蒙求

(今鷹眞訳)『蒙求』角川ソフィア文庫、2010


ビギナーズ・クラシックスの一冊なので、抄訳。このシリーズ、古典の抄訳で、内容には粗密があるが、簡単に中国と日本の古典に取り付けるので便利。そんなに長くないのでサクサク読める。興味が持てれば、全訳を求めればよし。

蒙求はもとが子供用だが、故事を子供に覚えさせるために韻文にした本。しかし、故事といっても、前漢後漢、魏晋がほとんどで、その前と後がない。本自体は9世紀にかかれているので、唐代は書けないにしても、秦代以前と六朝時代があまり載っていないのは変。また、選択や配列の基準もよくわからない。

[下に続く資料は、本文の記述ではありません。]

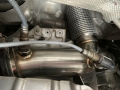 Downpipe s náhradou katalyzátoru MTC Motorsport Mini Cooper S F56 2.0T (14-)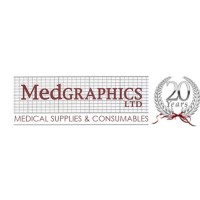 Medgraphics LTD Logo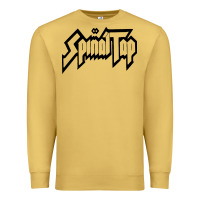 Antique Gold spinal tap concert Premium Sweatshirt - artisFamous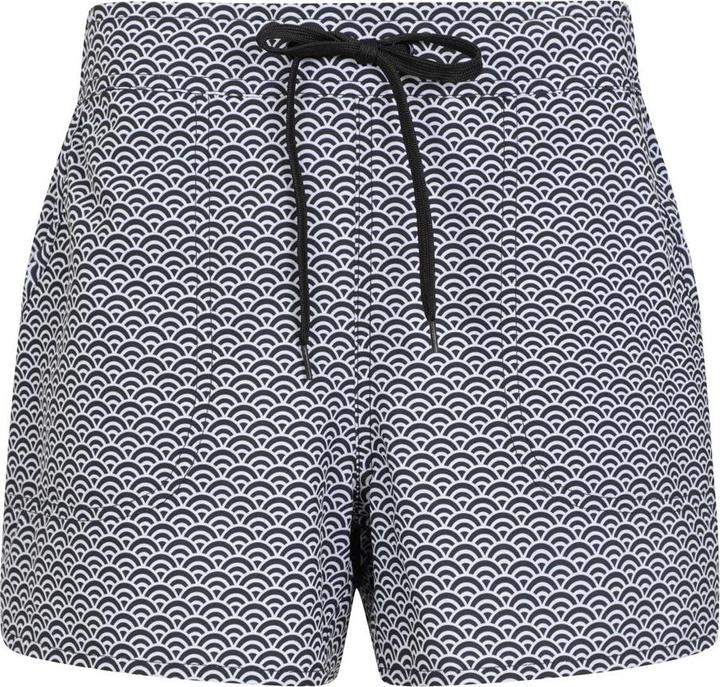 Actual product image Mountain Warehouse Womens/Ladies Patterned Stretch Boardshorts (46)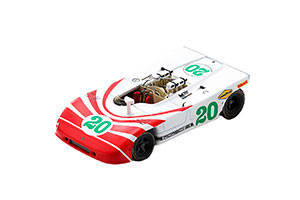 PORSCHE 908/03 #20 TARGA FLORIO 1970 V. ELFORD H. HERRMANN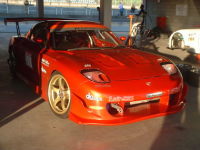 ＦＤ３Ｓ　ＲＸ－７　ＭＬＮ号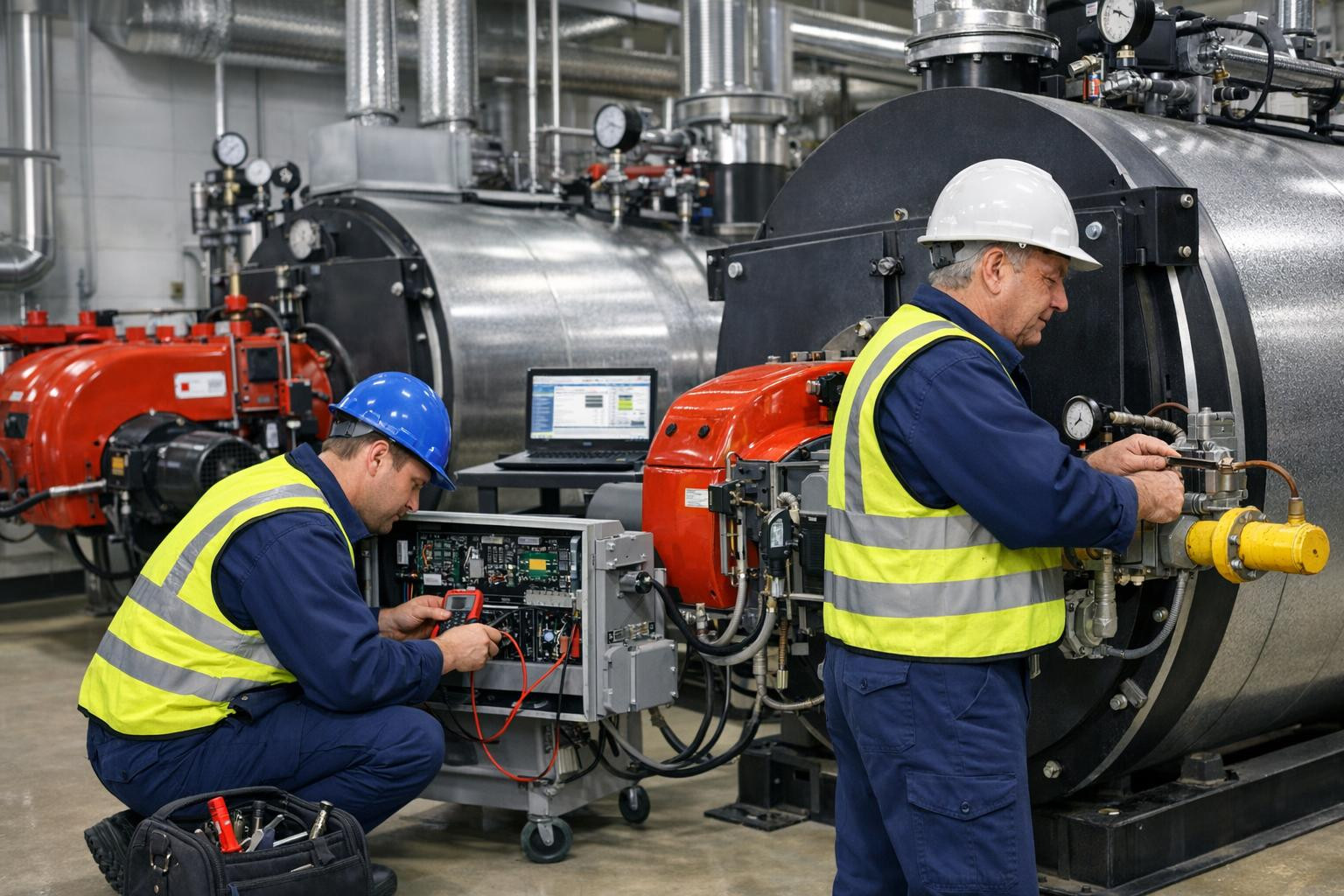 Miks valida professionaalne hooldus ja remont? Energiasüsteemide ...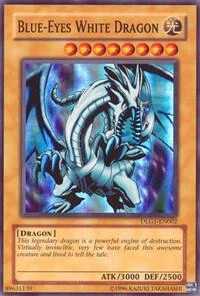 Blue Eyes White Dragon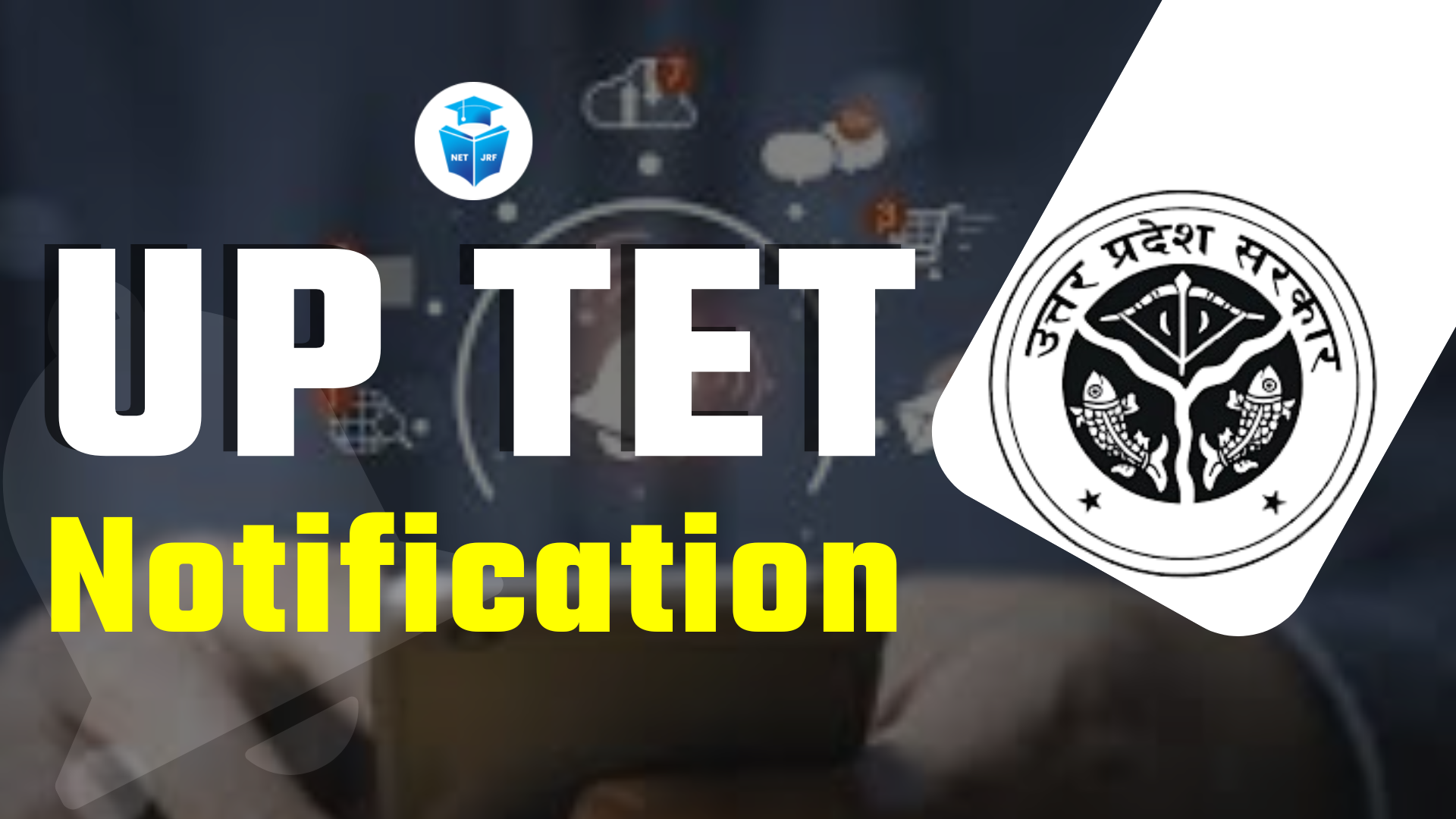 Read more about the article UPTET  Notification 2025  Check Exam Date, Application Form, Eligibility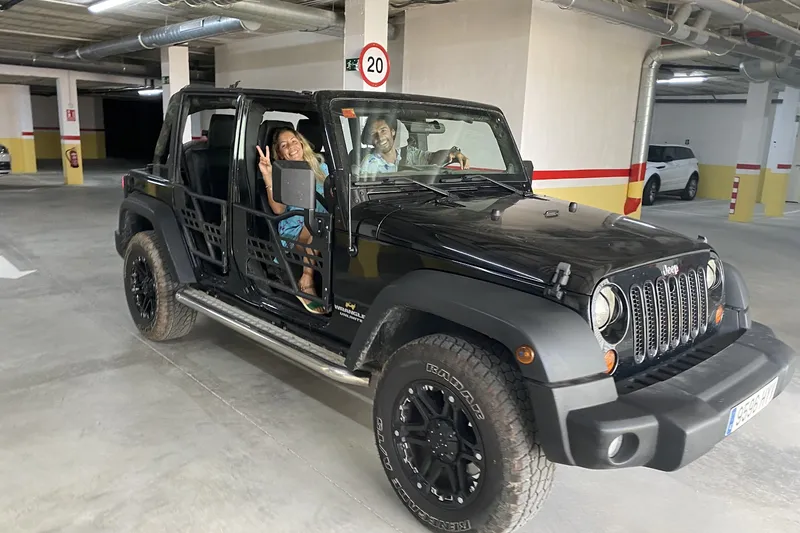 SERPAC4X4 en Cuevas del Almanzora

というわけで、中国ではそれほど長く読まれなかったが、日本では便利なので読まれていたというもの。この抄訳では31編しか採られていない。とはいえ、それでも知らない話や人名が頻出するので、読まないより読んだほうがよい本。韻文だけではわからないので、注がついていて、これでやっと内容がわかる。基本的にこの抄訳版は、この注の日本語訳を紹介するためのもの。

読み物としておもしろいので、今読んでも問題ない。これを覚えろというのは無理だけど。前漢の半ばから後漢末、晋代のことは知らないことが多いので便利。